手数料無料で加盟店を獲得し、一定の規模になってから有料化する——この長期戦略は「3年前のサービス開始時から決めていた」とPayPayのCFO(当時・桑原氏)が語っている。重要なのは、有料化しても加盟店が離れない「ロック」をあらかじめ仕込んでおくことだ。

PayPayが展開する「やめさせない」仕掛けは多層的だ。

施策名 内容と効果
PayPayマイストア 店舗情報を6,800万ユーザーへ直接配信。手数料1.60%の優遇あり
PayPayクーポン 店舗独自クーポンをアプリ上で配信。利用者は1,500万人超
PayPayスタンプカード リピーター育成ツール。利用者は1,300万人超
PayPayチラシ 紙チラシ代替のデジタルチラシ。15,000店舗以上が掲載
データ分析レポート 来客数・決済単価・頻度の変化を数字で提示。DX促進ツールへ

これらの集客・販促サービスは、加盟店にとってPayPayが「決済手段」から「集客インフラ」へと変化したことを意味する。手数料負担以上の集客メリットがある限り、加盟店は離れない。この「プラットフォームの粘着性」こそがPayPay最大の護城河(モート)だ。

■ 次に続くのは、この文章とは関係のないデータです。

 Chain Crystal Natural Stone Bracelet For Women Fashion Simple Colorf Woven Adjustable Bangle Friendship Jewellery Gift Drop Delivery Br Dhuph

⑦ これからのPayPay——スーパーアプリから金融インフラへ

PayPayが目指すのは「決済アプリ」の枠を超えた「生活の全てが詰まったスーパーアプリ」だ。現在すでに以下の金融サービスと連携・子会社化している。

🏦

PayPay銀行

2025年4月に子会社化。口座数900万突破

📈

PayPay証券

2025年4月に子会社化。100円から投資可能

💳

PayPayカード

2022年に完全子会社化。有効会員1,000万人超

🛡️

PayPayほけん

少額保険。「あんしんドライブ」50万件超

収益モデルは3層構造で設計されている。①決済手数料収入(GMVの伸びに連動)、②加盟店向けサービス収益(マイストア等)、③金融サービス収益(銀行・証券・保険)——この多重収益化が実現すれば、「PayPayをやめると生活が不便になる」という真の意味でのスーパーアプリが完成する。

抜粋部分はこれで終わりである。